Kinnaird (An Ceann Àrd, "high headland") is a neighbourhood comprising the southern part of Castlegar, British Columbia.

==Name origin==
Formerly named West Waterloo, it was an original station on the Columbia and Western Railway opened in 1897. Called Kinnaird by 1912, a popular theory indicates this to be Arthur Kinnaird, 11th Lord Kinnaird, the first superstar of association football and President of the Football Association. This could align with a suggestion that a Canadian Pacific Railway (CP) official provided the name in honour of a place in Scotland.

An alternative theory proposes the name was that of an early settler, perhaps a variation of the person's actual name.
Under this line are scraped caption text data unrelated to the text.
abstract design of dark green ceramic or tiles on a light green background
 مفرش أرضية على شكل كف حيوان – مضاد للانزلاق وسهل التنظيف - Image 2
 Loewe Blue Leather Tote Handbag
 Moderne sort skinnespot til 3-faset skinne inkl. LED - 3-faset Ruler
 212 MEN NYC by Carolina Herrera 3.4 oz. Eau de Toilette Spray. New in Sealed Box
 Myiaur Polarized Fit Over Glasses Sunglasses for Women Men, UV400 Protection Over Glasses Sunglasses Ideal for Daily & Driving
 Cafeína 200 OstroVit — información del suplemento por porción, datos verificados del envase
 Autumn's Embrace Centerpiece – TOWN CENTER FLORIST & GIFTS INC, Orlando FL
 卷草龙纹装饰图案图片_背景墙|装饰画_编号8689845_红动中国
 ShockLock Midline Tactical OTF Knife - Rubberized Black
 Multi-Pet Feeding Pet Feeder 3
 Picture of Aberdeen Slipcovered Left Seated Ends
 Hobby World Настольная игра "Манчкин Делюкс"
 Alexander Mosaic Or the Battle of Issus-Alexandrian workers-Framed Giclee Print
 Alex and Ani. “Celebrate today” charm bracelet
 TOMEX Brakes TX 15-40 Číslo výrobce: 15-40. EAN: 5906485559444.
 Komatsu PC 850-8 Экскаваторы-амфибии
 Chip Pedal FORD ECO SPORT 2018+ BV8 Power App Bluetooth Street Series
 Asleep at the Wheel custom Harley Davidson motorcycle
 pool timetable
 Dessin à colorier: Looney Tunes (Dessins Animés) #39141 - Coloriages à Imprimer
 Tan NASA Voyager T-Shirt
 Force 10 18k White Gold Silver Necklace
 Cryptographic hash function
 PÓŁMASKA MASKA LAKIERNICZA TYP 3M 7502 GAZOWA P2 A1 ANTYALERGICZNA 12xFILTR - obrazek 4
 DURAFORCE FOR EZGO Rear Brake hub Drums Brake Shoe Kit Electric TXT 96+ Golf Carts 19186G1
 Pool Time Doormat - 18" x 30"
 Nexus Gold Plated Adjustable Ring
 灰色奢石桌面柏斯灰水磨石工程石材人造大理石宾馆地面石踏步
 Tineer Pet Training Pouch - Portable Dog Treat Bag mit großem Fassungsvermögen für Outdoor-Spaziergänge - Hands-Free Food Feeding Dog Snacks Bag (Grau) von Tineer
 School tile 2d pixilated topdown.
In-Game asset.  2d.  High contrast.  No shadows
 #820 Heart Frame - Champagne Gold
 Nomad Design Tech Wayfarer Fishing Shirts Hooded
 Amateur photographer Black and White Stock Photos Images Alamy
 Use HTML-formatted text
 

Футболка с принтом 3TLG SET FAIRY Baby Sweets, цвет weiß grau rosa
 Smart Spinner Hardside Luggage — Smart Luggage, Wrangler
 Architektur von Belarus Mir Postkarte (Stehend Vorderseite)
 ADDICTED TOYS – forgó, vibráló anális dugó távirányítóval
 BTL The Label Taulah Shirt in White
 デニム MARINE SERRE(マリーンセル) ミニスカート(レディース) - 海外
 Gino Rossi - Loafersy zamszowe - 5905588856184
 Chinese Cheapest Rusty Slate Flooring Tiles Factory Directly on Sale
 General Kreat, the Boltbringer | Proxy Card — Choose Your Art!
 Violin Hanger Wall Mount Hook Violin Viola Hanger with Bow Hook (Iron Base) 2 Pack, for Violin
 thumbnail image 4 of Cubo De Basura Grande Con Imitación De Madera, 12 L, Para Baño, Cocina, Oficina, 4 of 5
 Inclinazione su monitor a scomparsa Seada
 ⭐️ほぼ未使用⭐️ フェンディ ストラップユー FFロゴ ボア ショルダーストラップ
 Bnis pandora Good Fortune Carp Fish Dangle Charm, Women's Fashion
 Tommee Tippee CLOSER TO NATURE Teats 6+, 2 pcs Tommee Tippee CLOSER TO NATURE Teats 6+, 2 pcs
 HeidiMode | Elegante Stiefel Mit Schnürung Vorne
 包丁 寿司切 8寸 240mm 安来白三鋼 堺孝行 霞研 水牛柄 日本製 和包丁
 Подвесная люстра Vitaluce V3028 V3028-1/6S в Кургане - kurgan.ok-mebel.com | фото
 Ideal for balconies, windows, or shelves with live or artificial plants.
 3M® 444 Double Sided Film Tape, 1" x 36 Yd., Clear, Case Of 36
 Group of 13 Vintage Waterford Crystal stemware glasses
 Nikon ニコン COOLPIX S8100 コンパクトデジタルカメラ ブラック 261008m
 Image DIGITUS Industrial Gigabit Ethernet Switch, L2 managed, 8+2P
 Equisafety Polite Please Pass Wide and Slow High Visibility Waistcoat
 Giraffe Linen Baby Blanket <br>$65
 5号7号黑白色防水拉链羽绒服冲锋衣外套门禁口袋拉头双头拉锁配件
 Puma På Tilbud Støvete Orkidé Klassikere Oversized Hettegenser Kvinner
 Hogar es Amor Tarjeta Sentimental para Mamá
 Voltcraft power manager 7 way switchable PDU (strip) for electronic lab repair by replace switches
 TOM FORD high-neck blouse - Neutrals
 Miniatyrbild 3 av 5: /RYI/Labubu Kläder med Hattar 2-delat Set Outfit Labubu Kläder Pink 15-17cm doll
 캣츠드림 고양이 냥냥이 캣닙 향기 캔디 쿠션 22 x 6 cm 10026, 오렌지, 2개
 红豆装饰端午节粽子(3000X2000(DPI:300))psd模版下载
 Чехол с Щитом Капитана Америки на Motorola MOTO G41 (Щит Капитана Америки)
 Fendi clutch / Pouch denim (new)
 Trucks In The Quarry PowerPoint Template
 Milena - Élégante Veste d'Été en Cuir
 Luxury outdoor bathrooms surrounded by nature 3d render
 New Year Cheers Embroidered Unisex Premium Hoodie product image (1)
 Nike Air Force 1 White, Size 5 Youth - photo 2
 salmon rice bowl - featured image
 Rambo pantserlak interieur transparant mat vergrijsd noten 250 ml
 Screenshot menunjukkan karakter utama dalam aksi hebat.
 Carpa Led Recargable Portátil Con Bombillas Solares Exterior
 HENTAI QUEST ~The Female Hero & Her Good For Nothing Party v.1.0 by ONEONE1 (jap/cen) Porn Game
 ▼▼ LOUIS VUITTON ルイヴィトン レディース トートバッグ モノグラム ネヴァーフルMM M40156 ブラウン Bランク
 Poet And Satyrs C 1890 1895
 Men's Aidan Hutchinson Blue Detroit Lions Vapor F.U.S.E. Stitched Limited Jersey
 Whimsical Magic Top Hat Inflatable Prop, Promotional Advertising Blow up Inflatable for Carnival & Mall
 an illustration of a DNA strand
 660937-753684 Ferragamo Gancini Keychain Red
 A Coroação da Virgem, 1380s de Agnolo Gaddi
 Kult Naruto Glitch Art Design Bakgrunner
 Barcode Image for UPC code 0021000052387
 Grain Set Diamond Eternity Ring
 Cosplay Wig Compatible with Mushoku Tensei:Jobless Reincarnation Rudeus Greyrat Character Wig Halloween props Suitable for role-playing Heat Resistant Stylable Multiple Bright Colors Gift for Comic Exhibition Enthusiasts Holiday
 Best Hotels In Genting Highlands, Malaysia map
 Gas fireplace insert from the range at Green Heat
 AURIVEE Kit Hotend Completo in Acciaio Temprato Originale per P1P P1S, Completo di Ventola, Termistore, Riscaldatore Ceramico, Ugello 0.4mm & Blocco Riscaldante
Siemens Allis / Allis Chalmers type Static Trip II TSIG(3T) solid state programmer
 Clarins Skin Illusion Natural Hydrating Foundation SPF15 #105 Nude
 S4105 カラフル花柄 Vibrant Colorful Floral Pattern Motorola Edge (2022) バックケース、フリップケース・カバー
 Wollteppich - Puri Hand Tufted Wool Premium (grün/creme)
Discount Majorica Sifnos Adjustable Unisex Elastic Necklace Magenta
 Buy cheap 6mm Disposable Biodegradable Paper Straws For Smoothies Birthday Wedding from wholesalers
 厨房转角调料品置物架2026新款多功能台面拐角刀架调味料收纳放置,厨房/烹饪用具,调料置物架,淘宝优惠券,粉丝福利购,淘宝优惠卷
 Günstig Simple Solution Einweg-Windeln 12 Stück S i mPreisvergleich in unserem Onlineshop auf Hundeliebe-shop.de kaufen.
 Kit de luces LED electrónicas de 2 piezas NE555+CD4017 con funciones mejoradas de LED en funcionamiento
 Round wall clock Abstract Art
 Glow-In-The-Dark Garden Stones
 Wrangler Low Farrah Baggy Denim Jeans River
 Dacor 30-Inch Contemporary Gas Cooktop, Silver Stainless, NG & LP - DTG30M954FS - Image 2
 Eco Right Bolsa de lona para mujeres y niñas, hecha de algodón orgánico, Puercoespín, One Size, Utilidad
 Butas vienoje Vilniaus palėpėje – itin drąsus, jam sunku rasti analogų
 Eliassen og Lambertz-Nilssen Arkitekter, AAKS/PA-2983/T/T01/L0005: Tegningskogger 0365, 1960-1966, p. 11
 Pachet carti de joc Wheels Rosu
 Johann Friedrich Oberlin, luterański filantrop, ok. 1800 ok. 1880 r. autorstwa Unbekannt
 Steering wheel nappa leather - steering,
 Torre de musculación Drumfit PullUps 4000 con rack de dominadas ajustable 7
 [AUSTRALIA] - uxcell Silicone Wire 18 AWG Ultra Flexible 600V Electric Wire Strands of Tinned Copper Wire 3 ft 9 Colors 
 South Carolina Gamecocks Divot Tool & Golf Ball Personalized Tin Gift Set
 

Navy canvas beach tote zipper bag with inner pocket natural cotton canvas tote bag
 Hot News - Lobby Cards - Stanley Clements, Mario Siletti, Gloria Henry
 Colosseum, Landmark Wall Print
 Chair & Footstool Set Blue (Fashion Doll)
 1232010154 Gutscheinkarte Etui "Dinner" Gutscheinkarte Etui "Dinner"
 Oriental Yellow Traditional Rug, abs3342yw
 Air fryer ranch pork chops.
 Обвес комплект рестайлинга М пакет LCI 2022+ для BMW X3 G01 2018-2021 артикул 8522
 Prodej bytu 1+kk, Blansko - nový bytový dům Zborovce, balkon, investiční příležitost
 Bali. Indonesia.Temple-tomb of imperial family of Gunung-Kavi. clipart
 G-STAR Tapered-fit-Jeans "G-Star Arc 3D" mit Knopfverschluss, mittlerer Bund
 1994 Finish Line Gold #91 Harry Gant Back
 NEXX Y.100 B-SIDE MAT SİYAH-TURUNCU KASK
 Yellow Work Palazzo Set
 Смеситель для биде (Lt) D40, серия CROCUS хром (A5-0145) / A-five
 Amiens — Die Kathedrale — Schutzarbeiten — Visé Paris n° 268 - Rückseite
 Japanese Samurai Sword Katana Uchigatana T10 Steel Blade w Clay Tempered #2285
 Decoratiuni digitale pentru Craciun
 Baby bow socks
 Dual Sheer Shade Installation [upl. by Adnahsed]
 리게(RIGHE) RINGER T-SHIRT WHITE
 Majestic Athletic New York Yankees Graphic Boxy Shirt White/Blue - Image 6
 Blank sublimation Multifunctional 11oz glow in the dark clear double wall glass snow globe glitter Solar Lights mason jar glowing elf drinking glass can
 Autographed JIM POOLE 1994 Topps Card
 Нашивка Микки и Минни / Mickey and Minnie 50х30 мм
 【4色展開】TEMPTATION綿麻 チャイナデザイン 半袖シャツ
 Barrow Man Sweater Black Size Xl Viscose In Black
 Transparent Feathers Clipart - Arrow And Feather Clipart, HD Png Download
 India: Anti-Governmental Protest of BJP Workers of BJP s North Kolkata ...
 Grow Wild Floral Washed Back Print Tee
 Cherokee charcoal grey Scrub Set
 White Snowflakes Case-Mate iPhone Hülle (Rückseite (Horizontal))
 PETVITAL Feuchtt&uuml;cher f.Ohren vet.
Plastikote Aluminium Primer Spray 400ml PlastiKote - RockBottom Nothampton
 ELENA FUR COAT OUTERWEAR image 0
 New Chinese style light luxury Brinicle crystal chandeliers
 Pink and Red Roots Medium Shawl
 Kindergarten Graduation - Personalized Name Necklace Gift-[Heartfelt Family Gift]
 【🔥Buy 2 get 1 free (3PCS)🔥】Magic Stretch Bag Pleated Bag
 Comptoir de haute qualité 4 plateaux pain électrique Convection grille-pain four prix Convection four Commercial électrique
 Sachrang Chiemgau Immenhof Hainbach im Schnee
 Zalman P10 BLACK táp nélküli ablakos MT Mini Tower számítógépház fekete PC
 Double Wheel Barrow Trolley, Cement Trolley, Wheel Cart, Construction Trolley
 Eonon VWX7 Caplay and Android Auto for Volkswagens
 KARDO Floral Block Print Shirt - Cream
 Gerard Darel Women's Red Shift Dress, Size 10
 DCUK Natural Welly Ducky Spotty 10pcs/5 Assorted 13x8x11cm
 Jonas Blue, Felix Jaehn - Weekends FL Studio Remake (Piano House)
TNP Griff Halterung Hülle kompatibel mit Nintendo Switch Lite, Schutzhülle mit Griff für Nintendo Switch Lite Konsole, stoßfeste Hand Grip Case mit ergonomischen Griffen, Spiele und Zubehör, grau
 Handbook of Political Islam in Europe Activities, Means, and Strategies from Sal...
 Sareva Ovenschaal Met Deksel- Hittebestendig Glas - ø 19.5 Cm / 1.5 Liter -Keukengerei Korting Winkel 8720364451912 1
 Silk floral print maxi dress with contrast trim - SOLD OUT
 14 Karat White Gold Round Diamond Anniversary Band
One possibility is a CP employee with a name such as Kinney, whose yard bordered the railway siding, giving rise to a "Kinney yard" that developed into Kinnaird. Alfred Joseph Kinney and Frank Kinert were early CP employees listed in the Castegar directory. Furthermore, Kinert is a spelling variant of Kinnaird and the Kinert clan lived in the barony of Kinnaird. Being an obscure railway point at the time, no theory of the name origin appears more plausible than another.

==Community==
By the 1940s, it was a bedroom community of both Trail and Castlegar. It was incorporated as a village on August 6, 1948, and town in 1967, amalgamating with the Town of Castlegar on January 1, 1974 to form the City of Castlegar.

It is the location of Kinnaird Elementary School, the community complex (home to the Castlegar Rebels of the KIJHL), and Kinnaird Park.